Convert your Huawei Health sport activities and import them in Strava.
Other
352 stars 34 forks source link

Different data retrieved using HiTrava Web and Python version #63

Closed viktorgab closed 3 years ago

viktorgab commented 3 years ago

Hello!

First of all, thank you and congratulations on this amazing tool.

Regarding the issue, I was comparing the activity uploaded from the TCX files and I noticed that when the same activity comes from either the HiTrava Web or the Python tool, it can have different info. Please check the pictures attached.

From Python From Web

Any idea why this happens? Shouldn't it be exactly the same as the data source is the same?

Best regards, Victor.

CTHRU commented 3 years ago

Thanks for your kind words.

It's possible that you see minor differences. I'll try to explain below.

  1. The script version was originally written on the so called 'HiTrack' data files that were created on the phone when you looked at an activity in the Huawei Health app. The HiTrack file contains the raw data from your activity but without the general info like e.g. exact start/stop time of the activity available in the extended JSON data. The script version still supports this 'legacy' mode for users with rooted phones. However, to be able to support it, the script version contains some specific code for this legacy mode, whereas the web version doesn't.
  2. For the above reason, if you convert using the --file or --tar options, you probably will see a difference with the --json or --zip version.
  3. The web version shares the conversion logic with the script version, but it has been rewritten from the ground up in another programming language (since I specifically wanted the conversion to happen on the host (your) computer without the need to send your activity data to the server). The web version does not support the legacy mode so I was able to leave out any code that relates to that legacy mode. E.g. for a fact the raw HiTrack data may contain records before or after the start/stop from the JSON data, and for a fact these are never processed in the web version.
  4. I would have to look at it again to know for sure, but there might be a slight difference in how data is processed when GPS connection is lost. As far as I remember, it was easier to detect it in the way the web version processes the data (without the legacy code). Since the code needs to rely on speed data (roughly occurring every 5 seconds with a maximum accuracy of 0.1 dm/s), it might also cause some slight differences.
  5. Unfortunately I didn't release an update of the web version for a while with some latest corrections based on user feedback from the python version. The thing is, I was/am developing a version with direct upload to Strava (functional in development, for testing but not for end-user ready), but due to personal reasons, I was/am unable to finish it right now.
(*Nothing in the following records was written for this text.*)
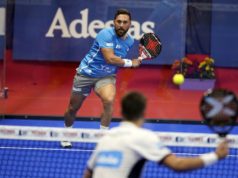 Cómo jugar desde el fondo de pista en pádel Cómo jugar desde el fondo de pista en pádel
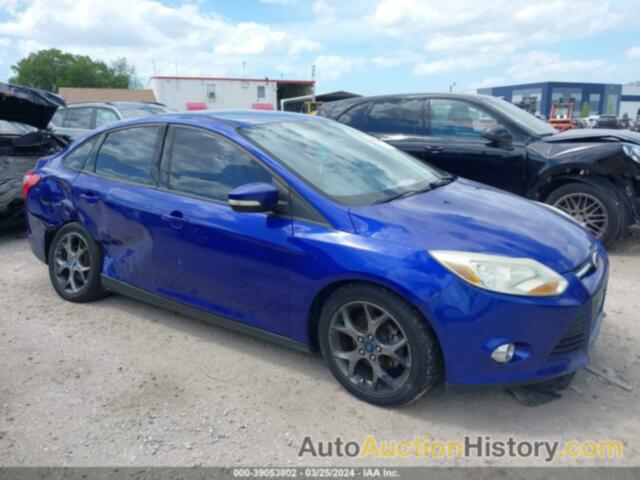 FORD FOCUS SE, 1FADP3F28DL213764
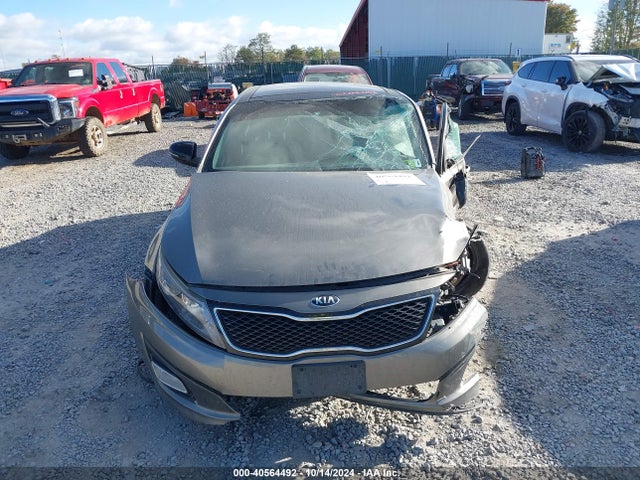 KIA OPTIMA EX 2015 5XXGN4A77FG366760 Image 11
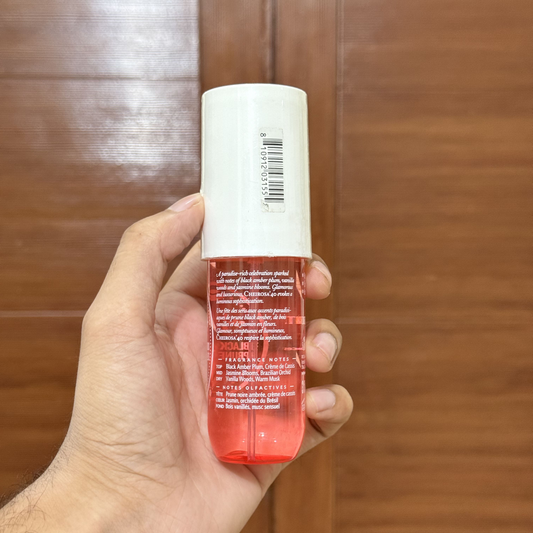 Sol de Janeiro Cheirosa 40 Fragrance Mist – Plum & Vanilla Woods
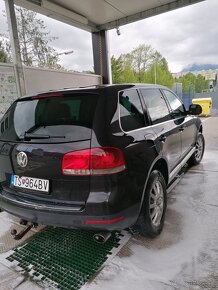 Touareg 3.0 tdi 165kw - 5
I hope this helps. Thanks for reporting this, i'll leave it open to have a look at it again, will first try to get that new web version released.
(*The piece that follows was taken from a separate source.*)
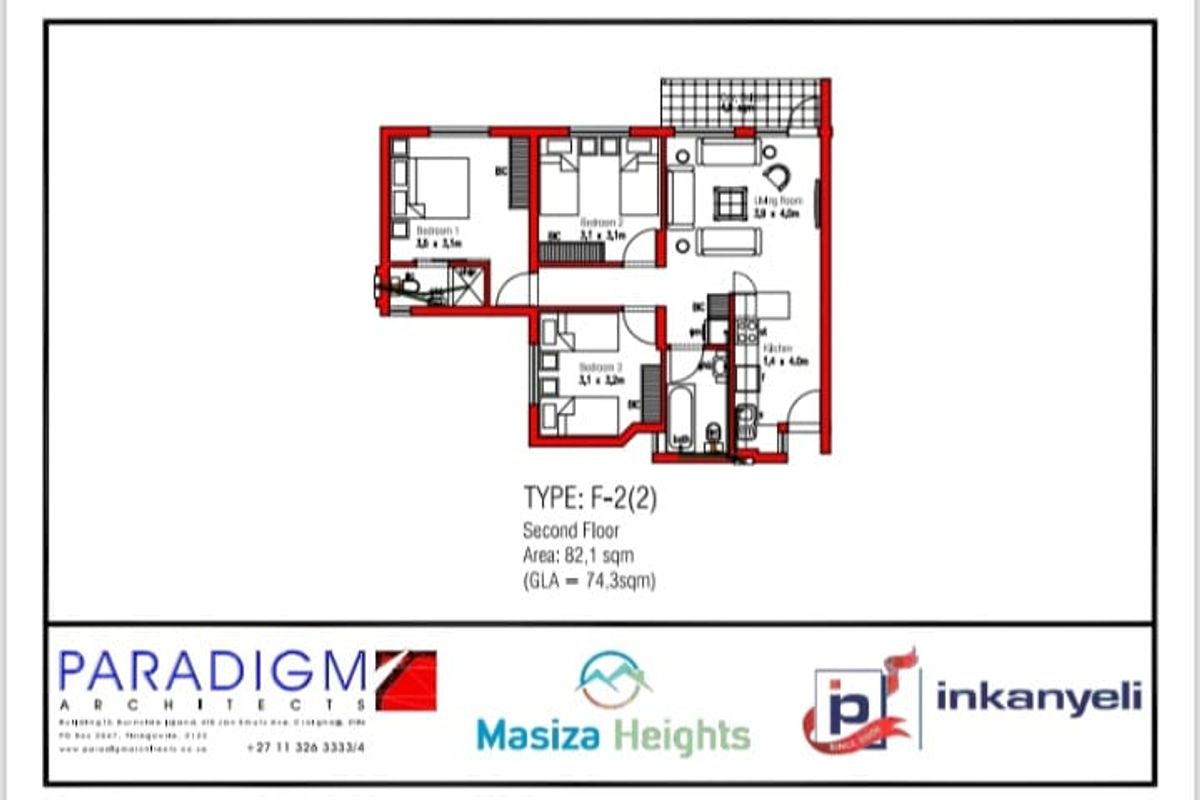 Masiza Heights – Invest in the Future of the Vaal Region - Photo 3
yihong0618 commented 3 years ago

I would have to look at it again to know for sure, but there might be a slight difference in how data is processed when GPS connection is lost. As far as I remember, it was easier to detect it in the way the web version processes the data (without the legacy code). Since the code needs to rely on speed data (roughly occurring every 5 seconds with a maximum accuracy of 0.1 dm/s), it might also cause some slight differences.
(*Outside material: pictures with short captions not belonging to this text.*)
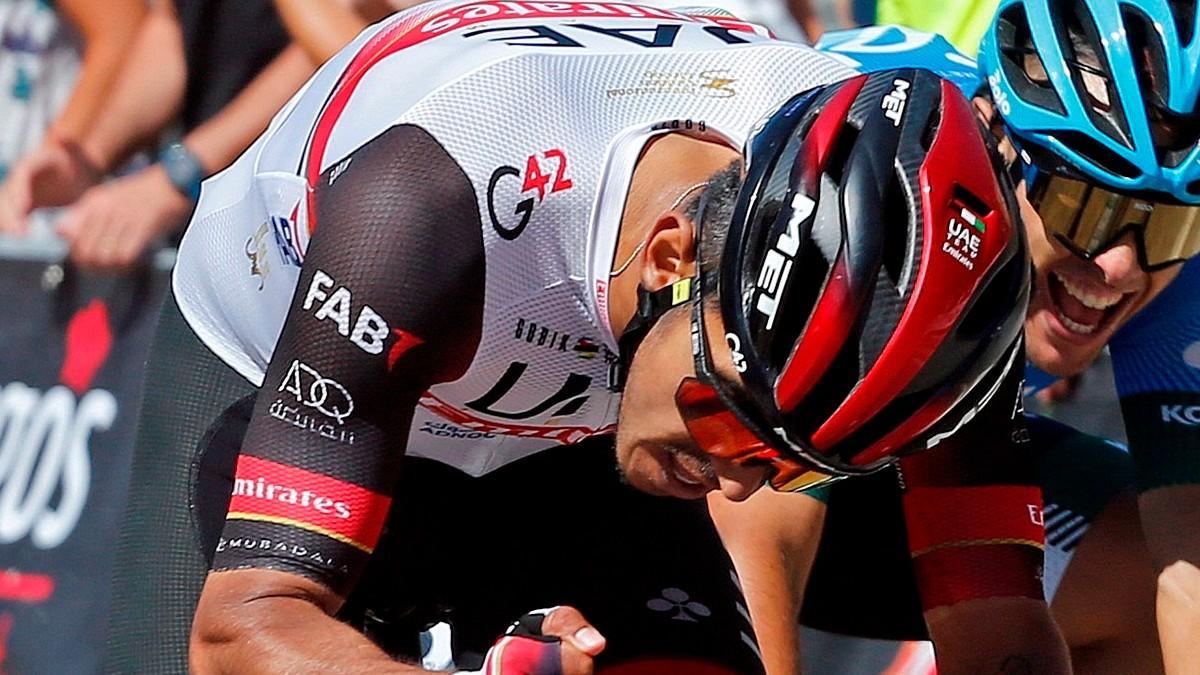 Molano vuelve a ganar en la Vuelta a Burgos y Bardet sigue líder
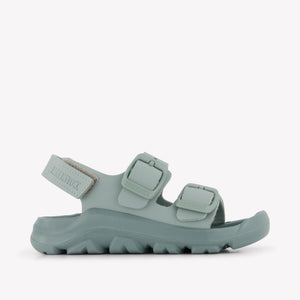 Birkenstock Mogami Garçons Sandales dedans Vert-Clair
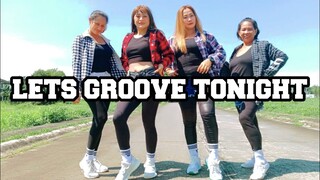 LETS GROOVE TONIGHT l RETRO REMIX #DjMK l DANCE FITNESS l STEPKREW GIRLS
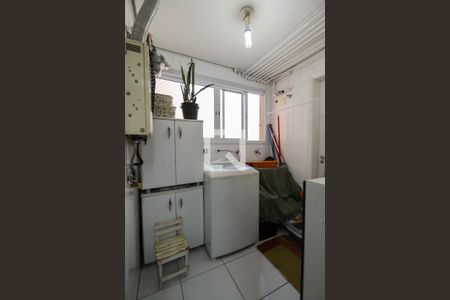 Apartamento à venda com 79m², 3 quartos e 2 vagas Apartamento à venda com 79m², 3 quartos e 2 vagasÁrea de Serviço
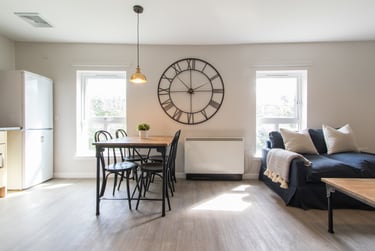 4 bed flat, Morrison Circus, Haymarket, Edinburgh, EH38DX - Image 2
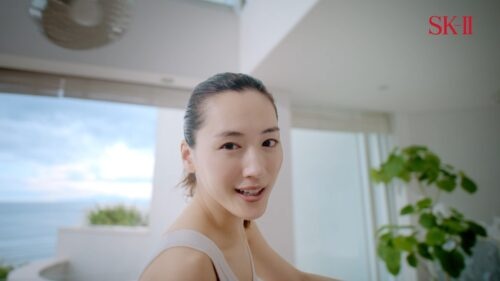 綾瀬はるか　SK-IIのCMリメイク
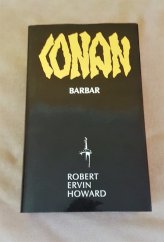kniha Conan. I., - Barbar, AFSF 1997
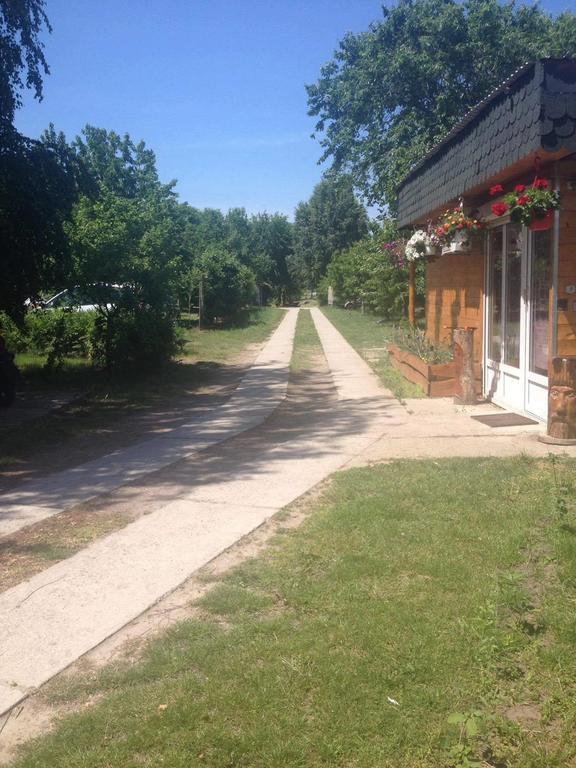 Dobo Tanya Villa Roszke Buitenkant foto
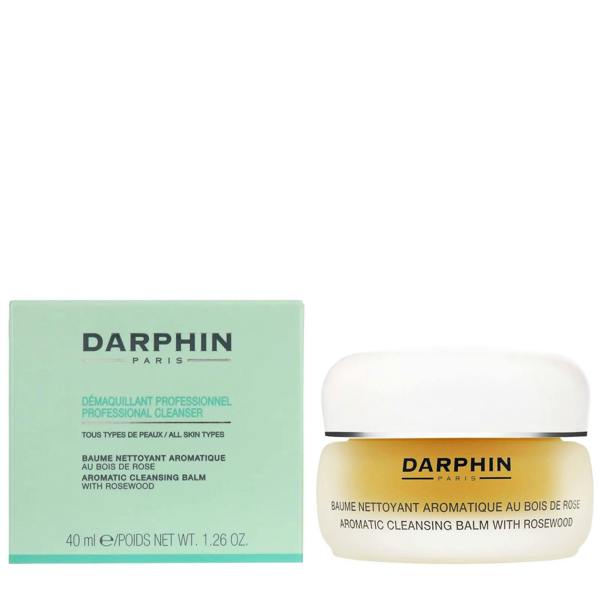 Darphin Masks & Exfoliators Aromatic Cleansing Balm With Rosewood 40ml - Additional 2
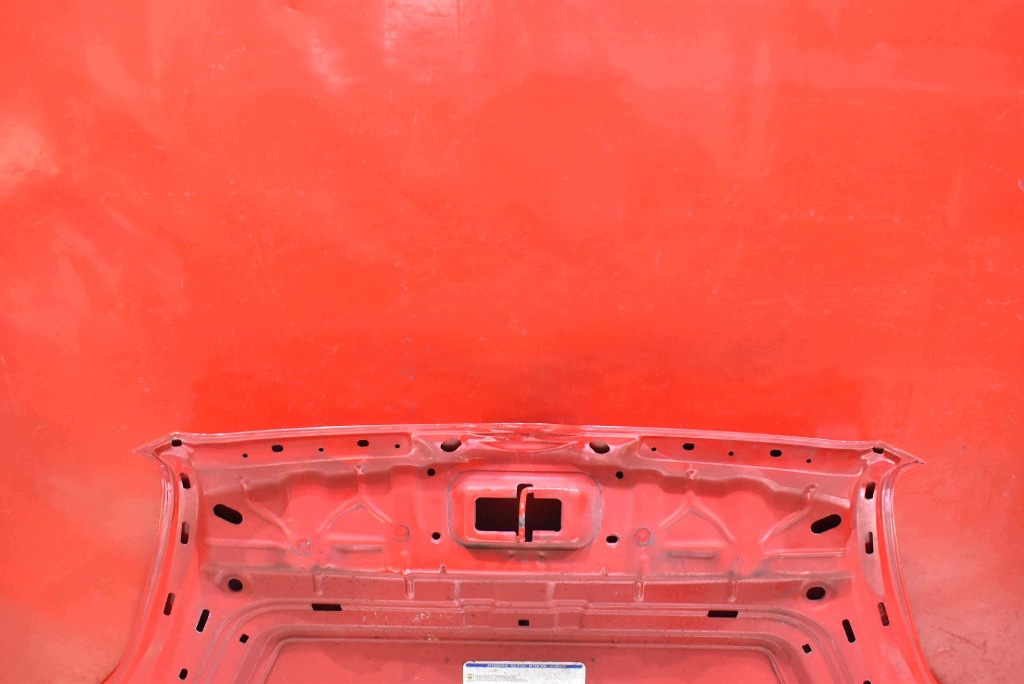 bonnet red OPEL COMBO D 11-20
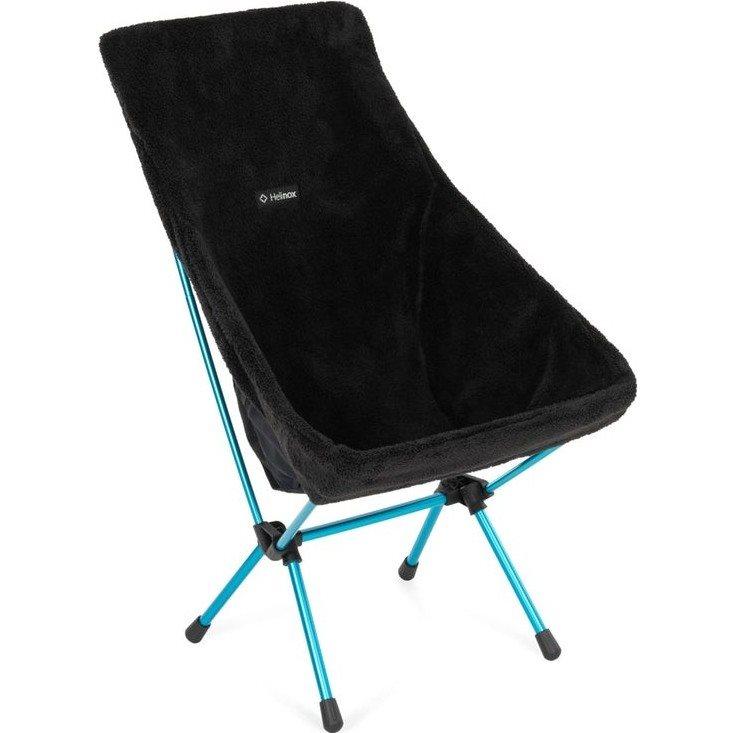 Helinox Helinox Fleece Seat Warmer for Chair one Highbac Black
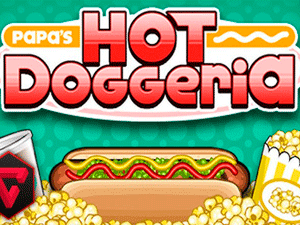 Papa's Hot Doggeria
I have done a lot of running data related work in the past year -- running_page, I think this piece is the most likely cause,

btw, if you upload to strava, the data will be different from other software because strava calculates the height.

viktorgab commented 3 years ago

@CTHRU thank you for the fast reply and thorough explanation. So if I understood correctly, the Python version currently is the most accurate, right?

@yihong0618 thank you for the insights as well. From the second paragraph, I don't understand what you mean, as both cases were data extracted from Huawei Health through requesting data to Huawei, converted using either HiTrava Web/Python version, then finally uploaded to Strava.

CTHRU commented 3 years ago

To give you a heads-up, I checked for a possibility to pass the global Huawei numbers in the converted file, but it won't be that straight forward. Whenever a pause or GPS loss occurs during an activity (happens more often than expected), The intermediate track/distance/time has to be used in separate parts of the converted data. If I would just 'fix' the last part by adding a final distance/time record, it will probably result in messy data at the end of the activity. I think for now I have to leave it as is. Maybe a better alternative will come along the way.

CTHRU commented 3 years ago

I might have found a 'fix' to get the distances in sync. If you want, you can try out the script in the 5.1.0 development branch

Your feedback whether this would be a viable solution is welcome.